### Problem to work on
Quote exactly, and only, the lines of the material below from the line with "Duplex Style Cabin on Lake Texoma: Cabin 216" through the line with "12860 Saint Croix".

——

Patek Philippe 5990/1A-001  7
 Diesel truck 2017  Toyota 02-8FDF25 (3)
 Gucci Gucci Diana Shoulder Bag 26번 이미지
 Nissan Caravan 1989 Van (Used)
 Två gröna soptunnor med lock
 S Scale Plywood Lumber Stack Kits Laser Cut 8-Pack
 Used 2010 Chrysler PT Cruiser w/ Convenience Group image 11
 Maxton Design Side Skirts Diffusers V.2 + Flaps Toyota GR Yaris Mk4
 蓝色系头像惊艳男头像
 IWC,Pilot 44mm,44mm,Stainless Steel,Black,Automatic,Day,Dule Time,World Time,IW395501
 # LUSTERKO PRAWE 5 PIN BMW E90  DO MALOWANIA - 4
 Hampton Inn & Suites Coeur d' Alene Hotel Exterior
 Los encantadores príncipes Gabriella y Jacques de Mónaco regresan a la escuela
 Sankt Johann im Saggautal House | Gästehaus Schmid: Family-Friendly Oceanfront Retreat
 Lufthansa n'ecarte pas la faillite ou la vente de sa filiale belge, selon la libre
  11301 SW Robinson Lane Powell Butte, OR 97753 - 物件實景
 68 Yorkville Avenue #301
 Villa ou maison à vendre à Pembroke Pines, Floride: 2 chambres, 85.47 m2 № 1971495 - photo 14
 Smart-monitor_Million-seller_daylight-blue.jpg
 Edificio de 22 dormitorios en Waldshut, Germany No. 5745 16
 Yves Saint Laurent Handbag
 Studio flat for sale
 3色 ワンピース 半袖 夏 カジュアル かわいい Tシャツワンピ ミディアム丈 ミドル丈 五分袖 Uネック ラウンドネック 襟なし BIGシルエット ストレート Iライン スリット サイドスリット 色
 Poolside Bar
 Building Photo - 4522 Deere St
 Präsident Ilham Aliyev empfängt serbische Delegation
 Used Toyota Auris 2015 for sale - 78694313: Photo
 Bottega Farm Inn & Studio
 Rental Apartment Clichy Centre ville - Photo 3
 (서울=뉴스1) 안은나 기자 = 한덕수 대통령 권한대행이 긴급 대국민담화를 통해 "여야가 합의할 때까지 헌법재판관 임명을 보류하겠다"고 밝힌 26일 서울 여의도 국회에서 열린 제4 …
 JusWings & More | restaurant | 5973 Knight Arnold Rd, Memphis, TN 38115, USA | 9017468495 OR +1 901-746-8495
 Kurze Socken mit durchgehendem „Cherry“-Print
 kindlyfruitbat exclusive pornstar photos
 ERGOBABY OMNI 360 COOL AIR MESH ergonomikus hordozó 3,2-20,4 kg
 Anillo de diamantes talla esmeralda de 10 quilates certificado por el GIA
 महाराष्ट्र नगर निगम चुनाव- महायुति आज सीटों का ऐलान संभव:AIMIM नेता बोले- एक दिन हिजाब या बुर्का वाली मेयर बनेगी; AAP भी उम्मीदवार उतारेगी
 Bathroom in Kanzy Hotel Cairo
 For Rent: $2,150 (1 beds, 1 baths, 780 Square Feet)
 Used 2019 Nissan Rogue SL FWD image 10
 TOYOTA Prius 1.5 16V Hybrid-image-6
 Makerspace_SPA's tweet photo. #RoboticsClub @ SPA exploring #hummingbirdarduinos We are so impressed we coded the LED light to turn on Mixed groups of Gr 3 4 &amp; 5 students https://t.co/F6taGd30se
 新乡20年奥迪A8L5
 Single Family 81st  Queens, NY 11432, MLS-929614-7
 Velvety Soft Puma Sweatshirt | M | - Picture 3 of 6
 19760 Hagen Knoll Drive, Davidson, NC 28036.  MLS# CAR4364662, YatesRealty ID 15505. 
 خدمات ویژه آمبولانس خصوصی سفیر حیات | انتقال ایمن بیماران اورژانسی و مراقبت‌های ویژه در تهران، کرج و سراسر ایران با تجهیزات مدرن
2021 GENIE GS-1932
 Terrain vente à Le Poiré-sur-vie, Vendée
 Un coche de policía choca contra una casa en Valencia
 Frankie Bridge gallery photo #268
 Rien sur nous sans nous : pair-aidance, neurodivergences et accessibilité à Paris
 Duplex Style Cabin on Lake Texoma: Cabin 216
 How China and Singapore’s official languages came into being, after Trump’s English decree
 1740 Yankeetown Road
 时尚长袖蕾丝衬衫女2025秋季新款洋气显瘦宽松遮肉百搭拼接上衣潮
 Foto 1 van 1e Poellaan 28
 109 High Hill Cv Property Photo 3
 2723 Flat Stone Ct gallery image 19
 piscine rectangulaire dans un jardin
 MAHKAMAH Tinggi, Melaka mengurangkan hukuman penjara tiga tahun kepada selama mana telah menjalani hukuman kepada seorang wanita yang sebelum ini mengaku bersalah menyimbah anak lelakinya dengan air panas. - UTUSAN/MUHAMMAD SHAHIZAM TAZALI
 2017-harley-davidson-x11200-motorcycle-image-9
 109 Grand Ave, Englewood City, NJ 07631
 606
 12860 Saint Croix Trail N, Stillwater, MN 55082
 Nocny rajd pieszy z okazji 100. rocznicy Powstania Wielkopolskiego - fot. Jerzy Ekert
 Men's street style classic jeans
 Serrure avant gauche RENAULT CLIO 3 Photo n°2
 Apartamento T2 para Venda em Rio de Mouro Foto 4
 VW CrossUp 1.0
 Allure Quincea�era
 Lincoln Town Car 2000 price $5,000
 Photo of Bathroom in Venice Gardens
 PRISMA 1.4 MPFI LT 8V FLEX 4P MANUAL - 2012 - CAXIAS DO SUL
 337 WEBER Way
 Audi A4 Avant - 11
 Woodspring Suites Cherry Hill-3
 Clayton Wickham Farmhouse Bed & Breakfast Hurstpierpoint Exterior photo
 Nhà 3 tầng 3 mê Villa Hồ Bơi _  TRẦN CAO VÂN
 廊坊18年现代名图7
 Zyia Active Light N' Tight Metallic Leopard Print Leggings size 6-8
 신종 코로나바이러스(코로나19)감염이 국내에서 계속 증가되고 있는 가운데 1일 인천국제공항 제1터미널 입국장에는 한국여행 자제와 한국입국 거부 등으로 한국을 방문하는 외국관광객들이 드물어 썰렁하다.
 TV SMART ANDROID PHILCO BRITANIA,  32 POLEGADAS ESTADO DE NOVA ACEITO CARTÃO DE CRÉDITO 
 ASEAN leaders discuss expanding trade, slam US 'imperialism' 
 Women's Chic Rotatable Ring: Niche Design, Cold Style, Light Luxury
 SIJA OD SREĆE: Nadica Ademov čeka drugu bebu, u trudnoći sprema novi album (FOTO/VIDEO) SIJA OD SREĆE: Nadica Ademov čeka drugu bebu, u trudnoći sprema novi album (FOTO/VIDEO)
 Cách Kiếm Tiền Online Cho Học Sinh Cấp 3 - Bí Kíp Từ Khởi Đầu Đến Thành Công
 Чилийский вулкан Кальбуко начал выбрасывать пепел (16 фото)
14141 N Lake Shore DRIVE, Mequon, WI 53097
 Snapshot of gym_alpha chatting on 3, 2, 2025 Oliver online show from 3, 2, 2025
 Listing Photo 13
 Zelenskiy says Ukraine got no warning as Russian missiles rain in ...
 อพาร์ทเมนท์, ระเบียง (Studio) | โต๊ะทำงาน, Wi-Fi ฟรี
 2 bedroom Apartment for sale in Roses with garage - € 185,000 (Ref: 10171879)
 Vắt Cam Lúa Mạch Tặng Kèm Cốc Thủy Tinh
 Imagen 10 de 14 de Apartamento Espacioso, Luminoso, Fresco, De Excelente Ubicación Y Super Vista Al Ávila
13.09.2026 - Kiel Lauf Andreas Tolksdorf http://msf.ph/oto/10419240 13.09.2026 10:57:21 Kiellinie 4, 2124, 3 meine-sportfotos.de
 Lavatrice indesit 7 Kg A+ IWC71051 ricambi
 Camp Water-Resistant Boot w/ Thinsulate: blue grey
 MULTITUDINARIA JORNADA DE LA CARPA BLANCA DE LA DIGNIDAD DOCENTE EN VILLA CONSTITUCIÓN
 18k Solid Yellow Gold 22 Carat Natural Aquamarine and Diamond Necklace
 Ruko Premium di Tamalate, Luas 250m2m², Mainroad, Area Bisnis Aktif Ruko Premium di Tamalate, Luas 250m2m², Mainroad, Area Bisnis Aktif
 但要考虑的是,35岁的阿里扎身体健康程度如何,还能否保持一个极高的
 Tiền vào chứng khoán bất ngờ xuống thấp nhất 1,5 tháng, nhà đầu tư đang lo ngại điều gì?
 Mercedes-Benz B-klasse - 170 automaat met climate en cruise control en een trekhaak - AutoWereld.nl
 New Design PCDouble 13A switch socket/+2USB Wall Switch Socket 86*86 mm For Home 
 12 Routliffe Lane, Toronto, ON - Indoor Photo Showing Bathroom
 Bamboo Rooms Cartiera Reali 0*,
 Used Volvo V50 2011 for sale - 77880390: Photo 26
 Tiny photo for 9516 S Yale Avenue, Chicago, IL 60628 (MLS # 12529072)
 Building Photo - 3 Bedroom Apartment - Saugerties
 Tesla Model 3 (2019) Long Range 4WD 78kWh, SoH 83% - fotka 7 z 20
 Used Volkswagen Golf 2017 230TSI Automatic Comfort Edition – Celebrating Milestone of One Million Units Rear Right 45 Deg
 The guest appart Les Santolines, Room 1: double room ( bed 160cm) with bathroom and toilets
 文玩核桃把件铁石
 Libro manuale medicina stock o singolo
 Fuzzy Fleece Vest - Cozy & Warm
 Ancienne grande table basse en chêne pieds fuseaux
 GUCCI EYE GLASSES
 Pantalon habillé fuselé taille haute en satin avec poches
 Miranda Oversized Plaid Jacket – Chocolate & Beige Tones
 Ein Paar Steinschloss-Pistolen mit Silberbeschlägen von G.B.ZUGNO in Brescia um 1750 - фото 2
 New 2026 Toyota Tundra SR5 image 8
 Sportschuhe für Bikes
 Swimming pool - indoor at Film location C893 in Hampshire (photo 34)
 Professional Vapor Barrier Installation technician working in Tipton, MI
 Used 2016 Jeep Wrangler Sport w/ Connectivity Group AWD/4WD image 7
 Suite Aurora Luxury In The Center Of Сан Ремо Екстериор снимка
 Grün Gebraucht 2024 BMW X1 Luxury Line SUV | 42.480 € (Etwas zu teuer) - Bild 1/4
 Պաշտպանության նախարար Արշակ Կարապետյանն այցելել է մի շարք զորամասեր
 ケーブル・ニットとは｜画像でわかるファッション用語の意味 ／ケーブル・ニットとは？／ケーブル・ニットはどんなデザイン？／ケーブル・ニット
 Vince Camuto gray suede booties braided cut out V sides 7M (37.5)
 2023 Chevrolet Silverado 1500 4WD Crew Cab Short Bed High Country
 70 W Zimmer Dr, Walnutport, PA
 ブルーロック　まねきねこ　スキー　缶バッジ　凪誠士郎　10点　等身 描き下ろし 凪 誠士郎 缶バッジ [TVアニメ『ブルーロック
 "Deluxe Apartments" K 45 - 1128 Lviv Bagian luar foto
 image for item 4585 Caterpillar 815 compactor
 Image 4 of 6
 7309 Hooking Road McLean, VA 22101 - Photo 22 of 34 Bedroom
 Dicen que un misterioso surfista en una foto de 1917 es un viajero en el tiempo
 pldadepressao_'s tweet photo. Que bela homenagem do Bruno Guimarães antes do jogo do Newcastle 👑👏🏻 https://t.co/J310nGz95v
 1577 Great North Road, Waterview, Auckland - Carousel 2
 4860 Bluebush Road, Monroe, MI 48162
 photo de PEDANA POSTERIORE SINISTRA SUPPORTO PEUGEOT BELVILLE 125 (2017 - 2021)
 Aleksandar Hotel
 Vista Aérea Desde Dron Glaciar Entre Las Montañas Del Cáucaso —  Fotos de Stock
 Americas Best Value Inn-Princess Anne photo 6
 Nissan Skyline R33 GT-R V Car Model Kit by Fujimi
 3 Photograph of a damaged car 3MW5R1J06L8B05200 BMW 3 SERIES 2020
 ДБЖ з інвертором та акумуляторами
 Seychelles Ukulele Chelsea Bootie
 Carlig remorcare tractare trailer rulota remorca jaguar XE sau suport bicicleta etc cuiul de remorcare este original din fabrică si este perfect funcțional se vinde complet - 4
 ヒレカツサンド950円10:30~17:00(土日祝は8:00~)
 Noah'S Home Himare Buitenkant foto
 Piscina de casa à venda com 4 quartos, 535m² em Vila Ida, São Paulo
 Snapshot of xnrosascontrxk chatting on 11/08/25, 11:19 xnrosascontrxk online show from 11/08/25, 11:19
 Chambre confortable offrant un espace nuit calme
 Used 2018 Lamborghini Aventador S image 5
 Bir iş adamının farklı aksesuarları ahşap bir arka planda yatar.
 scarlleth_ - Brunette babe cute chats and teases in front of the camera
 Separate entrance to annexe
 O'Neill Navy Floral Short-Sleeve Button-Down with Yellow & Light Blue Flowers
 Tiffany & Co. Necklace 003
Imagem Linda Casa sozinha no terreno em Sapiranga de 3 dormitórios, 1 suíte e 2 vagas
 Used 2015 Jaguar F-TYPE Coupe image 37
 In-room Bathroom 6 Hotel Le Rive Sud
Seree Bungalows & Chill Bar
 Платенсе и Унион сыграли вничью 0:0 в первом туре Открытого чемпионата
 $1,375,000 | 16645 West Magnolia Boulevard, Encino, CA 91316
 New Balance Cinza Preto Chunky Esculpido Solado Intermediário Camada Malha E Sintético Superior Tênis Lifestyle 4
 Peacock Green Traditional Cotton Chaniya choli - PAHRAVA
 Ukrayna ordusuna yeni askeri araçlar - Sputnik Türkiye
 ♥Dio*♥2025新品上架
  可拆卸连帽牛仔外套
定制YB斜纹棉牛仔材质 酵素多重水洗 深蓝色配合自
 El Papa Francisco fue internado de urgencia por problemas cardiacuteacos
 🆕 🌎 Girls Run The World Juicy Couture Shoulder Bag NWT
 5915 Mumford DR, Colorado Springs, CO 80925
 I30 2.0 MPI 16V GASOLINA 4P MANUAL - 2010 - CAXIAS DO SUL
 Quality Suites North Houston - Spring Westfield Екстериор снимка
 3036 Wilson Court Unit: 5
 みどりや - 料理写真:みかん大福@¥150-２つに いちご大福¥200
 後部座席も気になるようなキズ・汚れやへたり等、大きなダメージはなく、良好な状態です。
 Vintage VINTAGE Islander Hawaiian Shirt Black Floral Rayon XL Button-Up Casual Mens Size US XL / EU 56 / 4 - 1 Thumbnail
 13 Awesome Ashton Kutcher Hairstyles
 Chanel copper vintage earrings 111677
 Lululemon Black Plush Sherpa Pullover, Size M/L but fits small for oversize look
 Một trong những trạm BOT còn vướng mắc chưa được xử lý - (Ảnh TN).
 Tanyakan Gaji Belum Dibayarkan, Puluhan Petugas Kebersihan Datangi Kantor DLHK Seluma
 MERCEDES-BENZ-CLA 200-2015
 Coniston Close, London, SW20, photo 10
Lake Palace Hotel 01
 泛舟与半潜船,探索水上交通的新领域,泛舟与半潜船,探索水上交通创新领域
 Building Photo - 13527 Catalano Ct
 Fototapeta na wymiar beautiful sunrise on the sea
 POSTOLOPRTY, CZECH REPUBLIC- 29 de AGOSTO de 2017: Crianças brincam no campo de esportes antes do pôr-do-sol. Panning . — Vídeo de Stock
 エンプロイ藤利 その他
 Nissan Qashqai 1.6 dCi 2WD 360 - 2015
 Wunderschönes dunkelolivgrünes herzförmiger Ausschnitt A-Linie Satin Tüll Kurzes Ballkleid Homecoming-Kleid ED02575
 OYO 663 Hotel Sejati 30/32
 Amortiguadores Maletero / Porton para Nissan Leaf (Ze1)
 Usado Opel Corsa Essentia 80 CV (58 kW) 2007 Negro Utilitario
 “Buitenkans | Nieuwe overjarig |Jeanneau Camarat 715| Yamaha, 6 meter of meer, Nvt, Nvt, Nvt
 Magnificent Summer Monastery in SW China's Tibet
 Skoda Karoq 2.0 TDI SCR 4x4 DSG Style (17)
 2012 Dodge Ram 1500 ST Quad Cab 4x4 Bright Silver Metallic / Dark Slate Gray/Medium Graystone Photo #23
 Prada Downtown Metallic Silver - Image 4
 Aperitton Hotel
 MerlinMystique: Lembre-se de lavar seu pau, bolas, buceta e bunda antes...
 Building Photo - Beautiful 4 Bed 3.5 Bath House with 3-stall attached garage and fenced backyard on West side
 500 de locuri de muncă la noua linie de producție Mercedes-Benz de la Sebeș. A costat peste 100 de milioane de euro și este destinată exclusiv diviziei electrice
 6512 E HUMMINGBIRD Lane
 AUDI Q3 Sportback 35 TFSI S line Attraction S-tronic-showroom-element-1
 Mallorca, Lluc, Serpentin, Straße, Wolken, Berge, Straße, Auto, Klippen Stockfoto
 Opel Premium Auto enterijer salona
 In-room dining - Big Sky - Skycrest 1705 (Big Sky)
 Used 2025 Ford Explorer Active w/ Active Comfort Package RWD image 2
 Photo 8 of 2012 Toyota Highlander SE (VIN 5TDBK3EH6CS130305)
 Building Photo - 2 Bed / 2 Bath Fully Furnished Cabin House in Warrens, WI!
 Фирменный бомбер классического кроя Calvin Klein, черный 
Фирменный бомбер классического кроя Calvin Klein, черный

——

### Output
 Duplex Style Cabin on Lake Texoma: Cabin 216
 How China and Singapore’s official languages came into being, after Trump’s English decree
 1740 Yankeetown Road
 时尚长袖蕾丝衬衫女2025秋季新款洋气显瘦宽松遮肉百搭拼接上衣潮
 Foto 1 van 1e Poellaan 28
 109 High Hill Cv Property Photo 3
 2723 Flat Stone Ct gallery image 19
 piscine rectangulaire dans un jardin
 MAHKAMAH Tinggi, Melaka mengurangkan hukuman penjara tiga tahun kepada selama mana telah menjalani hukuman kepada seorang wanita yang sebelum ini mengaku bersalah menyimbah anak lelakinya dengan air panas. - UTUSAN/MUHAMMAD SHAHIZAM TAZALI
 2017-harley-davidson-x11200-motorcycle-image-9
 109 Grand Ave, Englewood City, NJ 07631
 606
 12860 Saint Croix Trail N, Stillwater, MN 55082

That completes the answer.